__DATA SECTION__

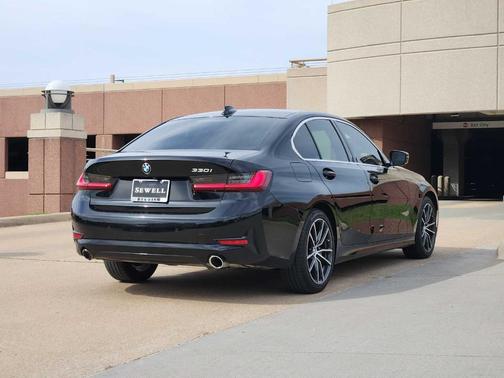 Jet Black 2022 BMW 330 i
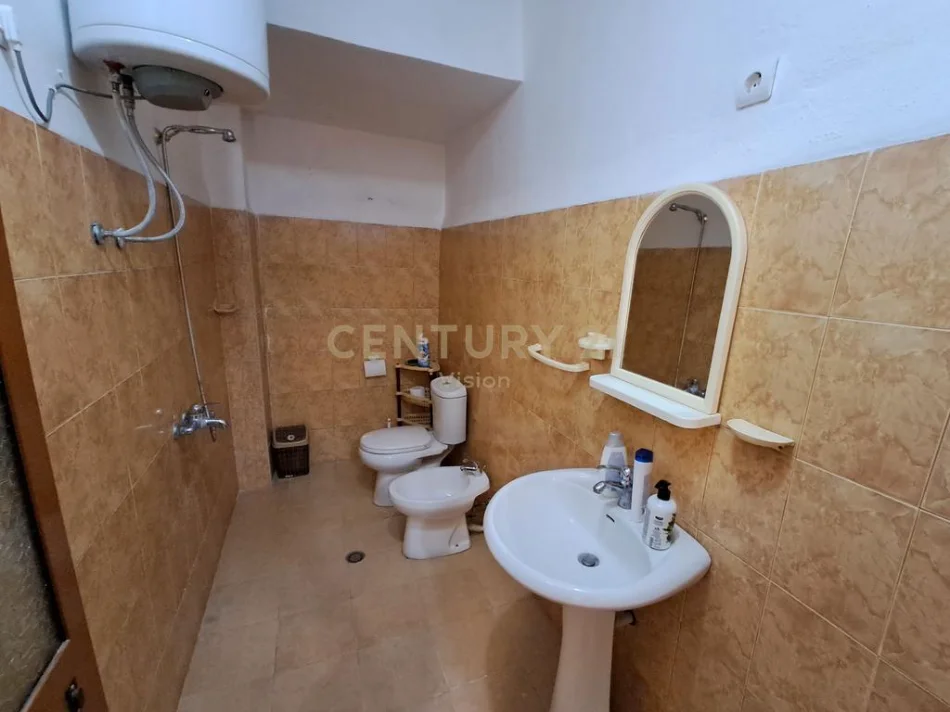 Shkoder, shitet apartament 1+1 Kati 1, 52 m² 60.000 € (dergut)
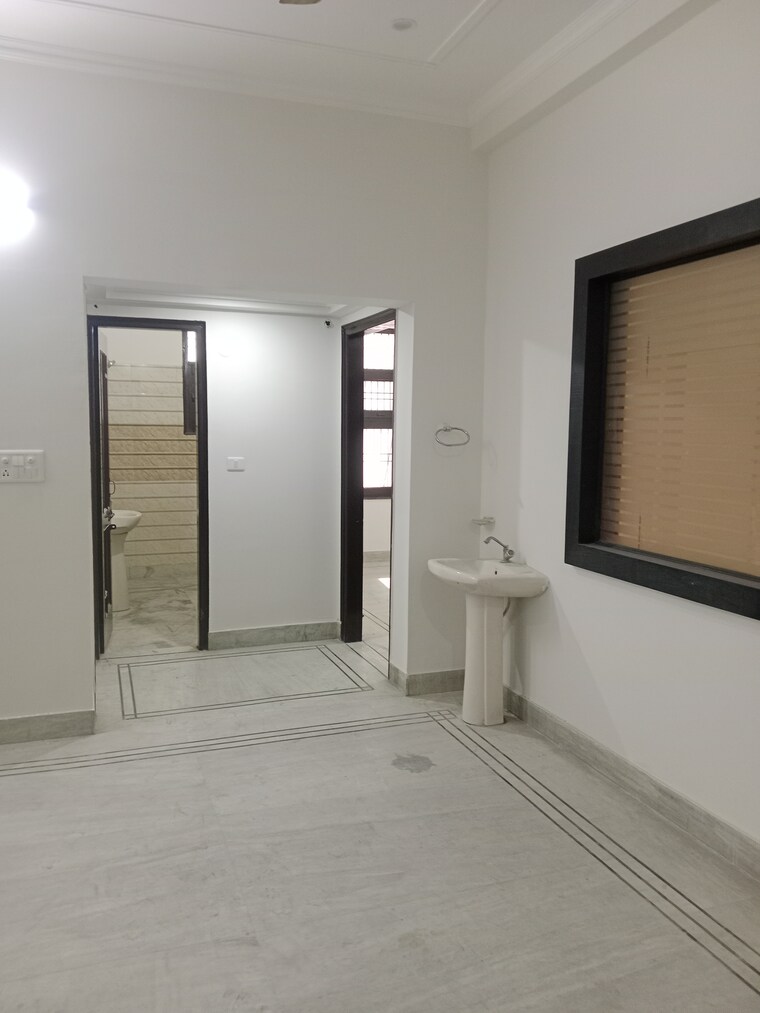 Room, sector 13 2 Bedroom 1100 Sq.Ft. Builder Floor In Sector 13 Panipat 9562681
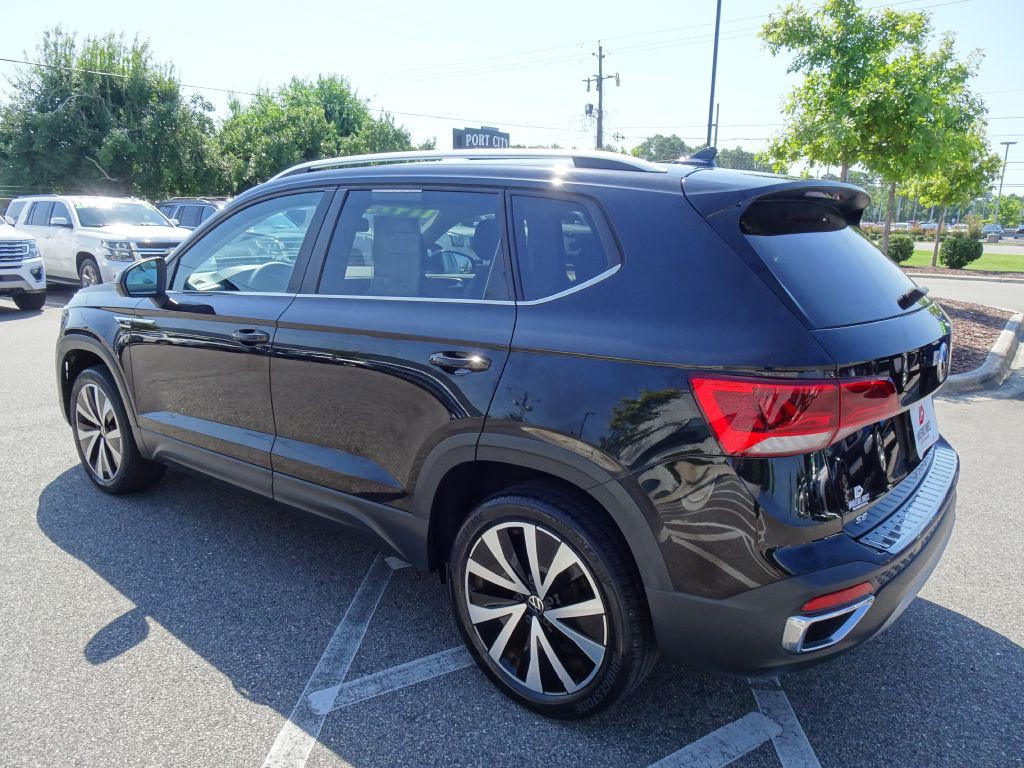 2022 Volkswagen Taos Image 5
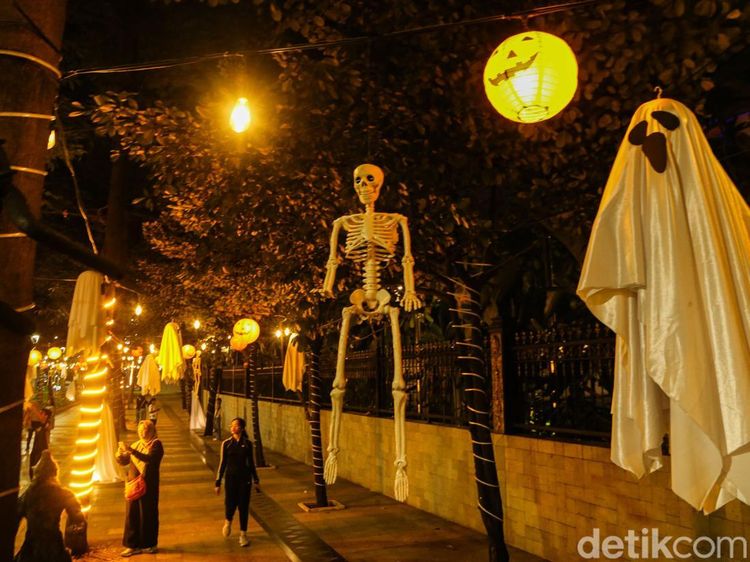 Bikin Merinding, Hantu hingga Manusia Serigala Hiasi Trotoar Sudirman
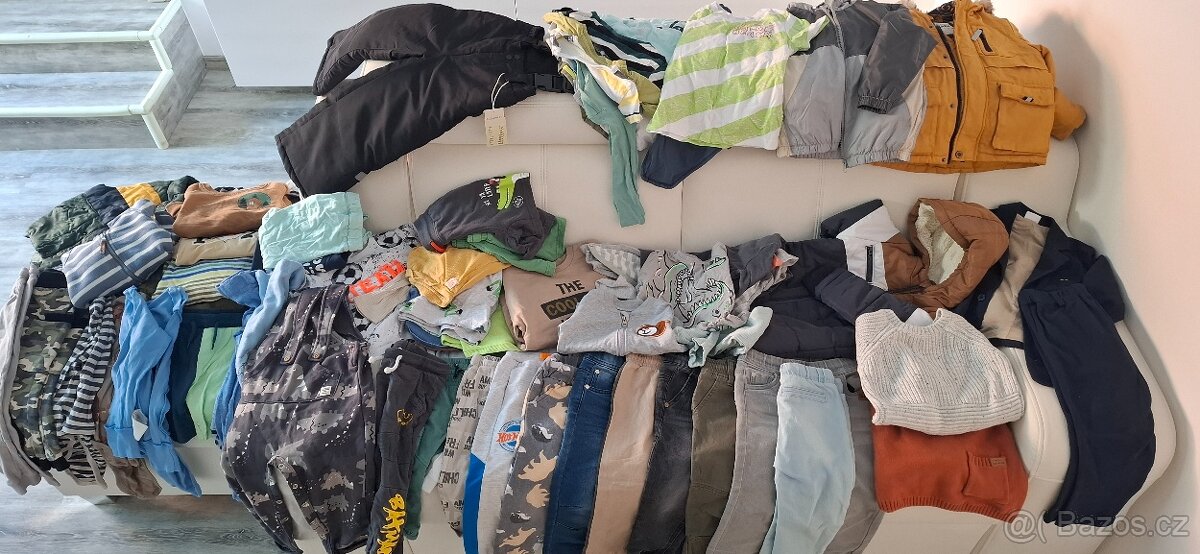 Balík oblečení chlapeček 92-104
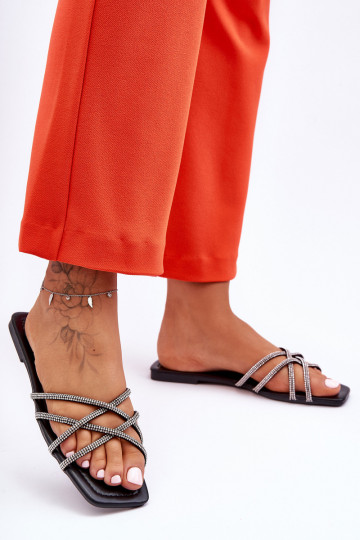 Čības ar siksniņām I melnas krāsas Leomi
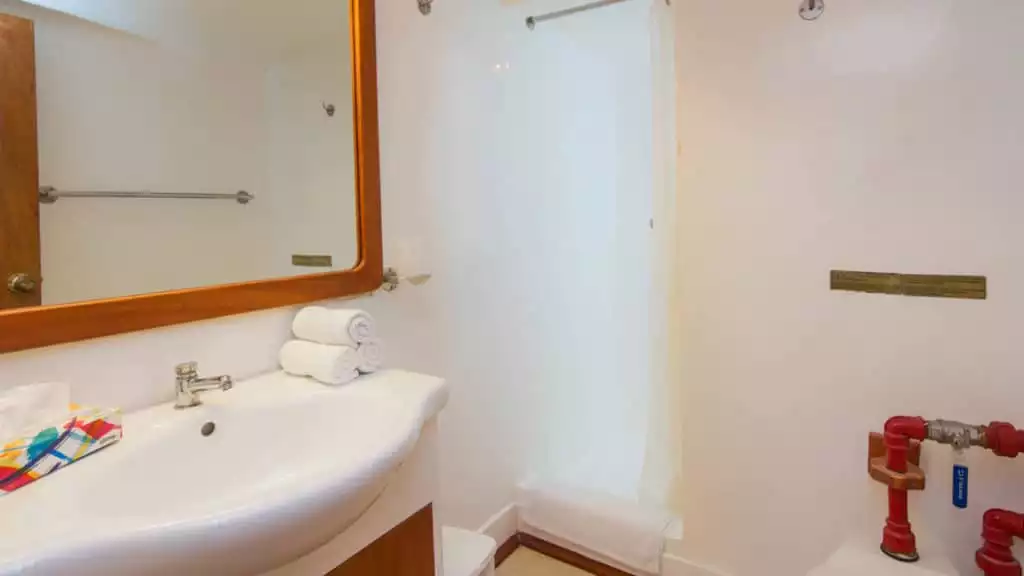 Cabin 4 bathroom aboard Beluga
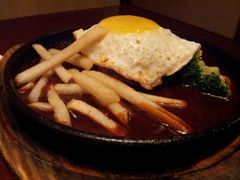 肉饼汉堡-贵木日本料理·铁板烧(新地假日广场店)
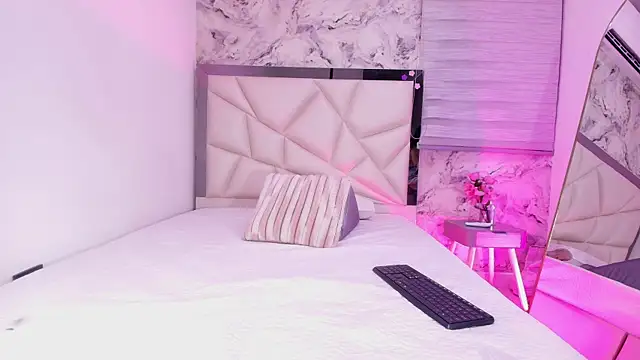 kendal rossi online show from April 12, 3:22 am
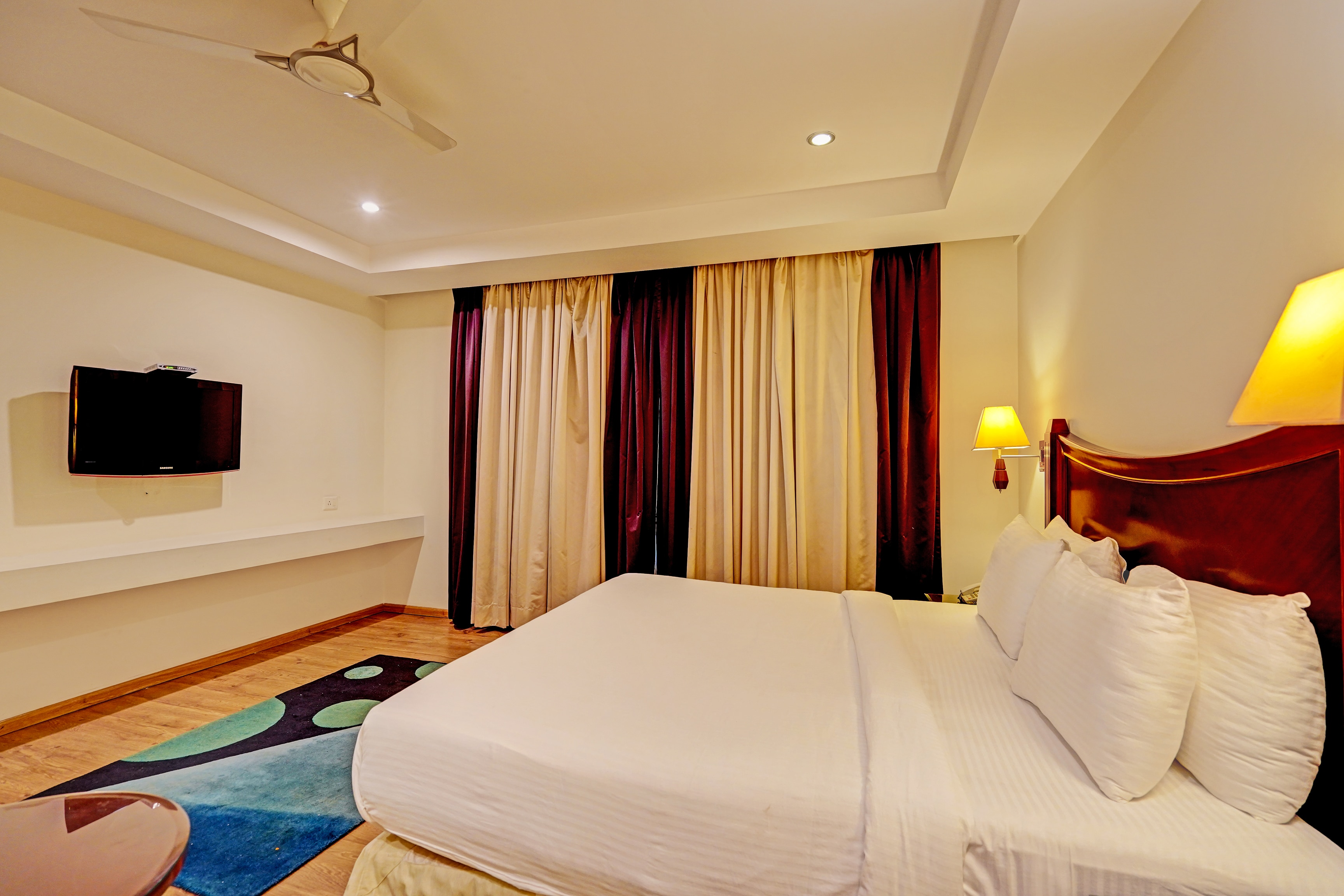 Hotel City Mark - 500 Mtrs from Gurgaon Sadar Bazar - Tap to explore photos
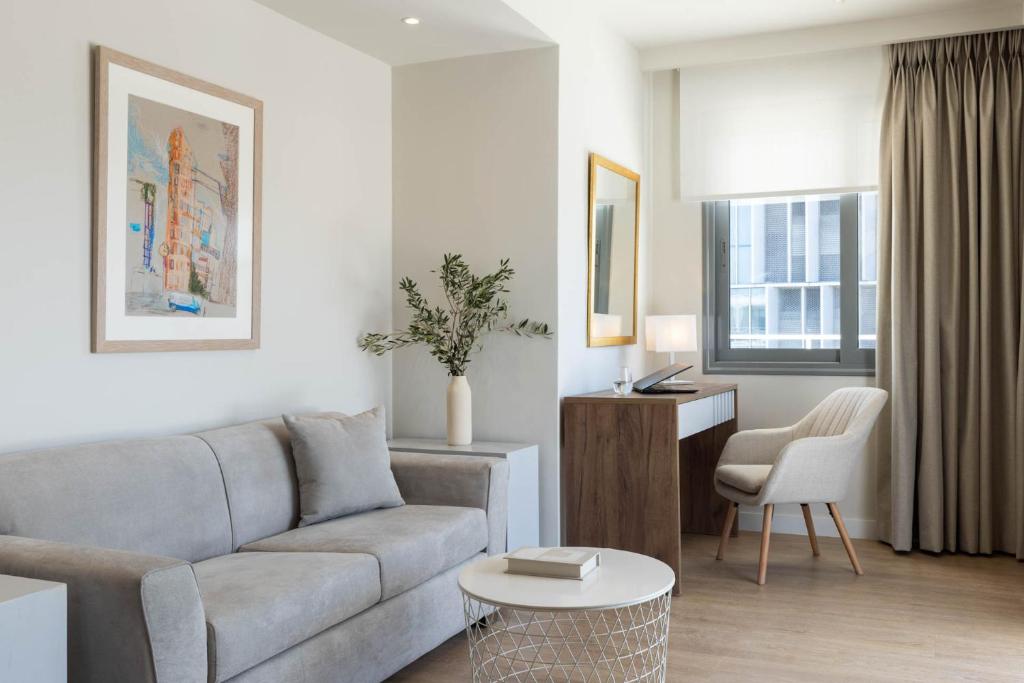 Port Tower Piraeus - Resim 27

__PROBLEM__
Your answer is an exact copy of the records above, stripped of pictures.

__EXPECTED ANSWER__
 Jet Black 2022 BMW 330 i
 Shkoder, shitet apartament 1+1 Kati 1, 52 m² 60.000 € (dergut)
 Room, sector 13 2 Bedroom 1100 Sq.Ft. Builder Floor In Sector 13 Panipat 9562681
 2022 Volkswagen Taos Image 5
 Bikin Merinding, Hantu hingga Manusia Serigala Hiasi Trotoar Sudirman
 Balík oblečení chlapeček 92-104
 Čības ar siksniņām I melnas krāsas Leomi
 Cabin 4 bathroom aboard Beluga
 肉饼汉堡-贵木日本料理·铁板烧(新地假日广场店)
 kendal rossi online show from April 12, 3:22 am
 Hotel City Mark - 500 Mtrs from Gurgaon Sadar Bazar - Tap to explore photos
 Port Tower Piraeus - Resim 27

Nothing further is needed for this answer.